The Czech List - 4 Things to Do in Prague and Beyond

With its maze of cobbled streets and quirky charm, it’s easy to see why Prague’s popularity has soared in recent years. To help you make the most of your time in the Czech capital, we’ve highlighted four of the best things to do in Prague. Consider adding these sites to your itinerary.

1. The Old Town Square 

Christmas Markets, courtesy of Albatross traveller K. Aiken

Located in the heart of the city, Prague’s Old Town Square is famous for its carefully preserved architecture. Despite the Czech Republic’s rather tumultuous history, the square has remained much the same since around the 10th century. It houses several ancient structures, including the Church of Our Lady Before Týn, a Gothic church featuring 80-foot spires. There’s also a medieval astronomical clock, the oldest of its kind in the world, and the Church of St Nicholas.
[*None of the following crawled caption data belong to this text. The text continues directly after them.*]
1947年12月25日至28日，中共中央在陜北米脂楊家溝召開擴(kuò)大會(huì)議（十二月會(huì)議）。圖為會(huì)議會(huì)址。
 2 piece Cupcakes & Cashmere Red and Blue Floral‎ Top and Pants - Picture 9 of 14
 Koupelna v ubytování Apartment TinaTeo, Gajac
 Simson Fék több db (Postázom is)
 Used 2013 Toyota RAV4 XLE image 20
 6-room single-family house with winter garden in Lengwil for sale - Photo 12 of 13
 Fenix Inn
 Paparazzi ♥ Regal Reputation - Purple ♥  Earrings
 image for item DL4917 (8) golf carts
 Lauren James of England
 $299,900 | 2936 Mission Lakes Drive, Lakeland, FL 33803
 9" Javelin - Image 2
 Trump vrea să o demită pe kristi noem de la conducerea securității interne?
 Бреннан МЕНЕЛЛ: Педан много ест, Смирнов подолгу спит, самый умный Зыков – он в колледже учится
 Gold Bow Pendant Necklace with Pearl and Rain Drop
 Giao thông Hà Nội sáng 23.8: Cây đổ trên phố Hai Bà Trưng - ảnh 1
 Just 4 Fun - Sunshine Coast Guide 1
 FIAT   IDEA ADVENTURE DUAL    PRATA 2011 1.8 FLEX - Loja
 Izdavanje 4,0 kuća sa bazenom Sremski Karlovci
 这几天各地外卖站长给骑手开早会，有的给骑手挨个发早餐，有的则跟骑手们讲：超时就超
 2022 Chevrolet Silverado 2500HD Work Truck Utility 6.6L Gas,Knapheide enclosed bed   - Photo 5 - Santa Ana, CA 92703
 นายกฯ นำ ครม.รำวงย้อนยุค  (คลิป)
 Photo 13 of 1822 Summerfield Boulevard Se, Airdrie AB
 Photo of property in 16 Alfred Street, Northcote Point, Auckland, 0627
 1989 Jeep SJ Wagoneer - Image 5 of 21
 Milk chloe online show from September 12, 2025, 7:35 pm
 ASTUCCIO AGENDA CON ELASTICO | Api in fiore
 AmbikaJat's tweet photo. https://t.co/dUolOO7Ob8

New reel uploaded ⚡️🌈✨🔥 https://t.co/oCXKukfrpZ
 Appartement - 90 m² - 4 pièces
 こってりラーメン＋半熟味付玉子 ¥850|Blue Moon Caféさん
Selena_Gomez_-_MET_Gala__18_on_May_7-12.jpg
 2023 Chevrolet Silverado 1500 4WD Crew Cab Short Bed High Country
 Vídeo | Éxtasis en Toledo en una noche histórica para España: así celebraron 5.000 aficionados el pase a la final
No matter what time of year you visit Prague, there’s always something happening in the Old Town Square. It plays host to the country’s biggest Christmas market throughout December and January, and on New Year’s Eve people gather there to enjoy the fireworks. If you’re travelling during spring or summer, make the most of the fine weather by grabbing a bite to eat at one of the square’s alfresco cafés.

2. Charles Bridge

Charles Bridge Prague

Crossing the Vltava River, Charles Bridge is much more than just a landmark. Since being commissioned by King Charles IV in the 1300s, it has become a symbol of the Czech Republic’s proud history. Having weathered several bloody battles, disastrous floods and numerous renovations, Charles Bridge is only open to foot traffic these days. Offering panoramic views of Prague, it’s the perfect place to take in the sights of the city.

The bridge is also lined with statues, one of which is said to have magical properties. There are 30 figures on the bridge, but the statue depicting St John of Nepomuk (the saint of Bohemia) gets the most attention. Touching it is supposed to bring you good luck and make your wishes come true. This myth is so famous that the crowds surrounding the statue can get a bit overwhelming at times. We recommend visiting Charles Bridge early in the morning or late in the evening, when there’s usually less people around.

3. Prague Castle 

Prague Castle, copyright image courtesy of Adria Hotel Prague

Dominating the skyline, Prague Castle is located in the Hradcany district. It’s the city’s most iconic attraction, enchanting over a million visitors annually. A UNESCO World Heritage site, the castle dates back to medieval times, although it still serves as the official residence of the Czech Republic’s president. When visiting the castle, be sure to set aside at least a few hours. The sheer size of the structure (it covers an area of around 70,000m2) means it can take a while to explore properly.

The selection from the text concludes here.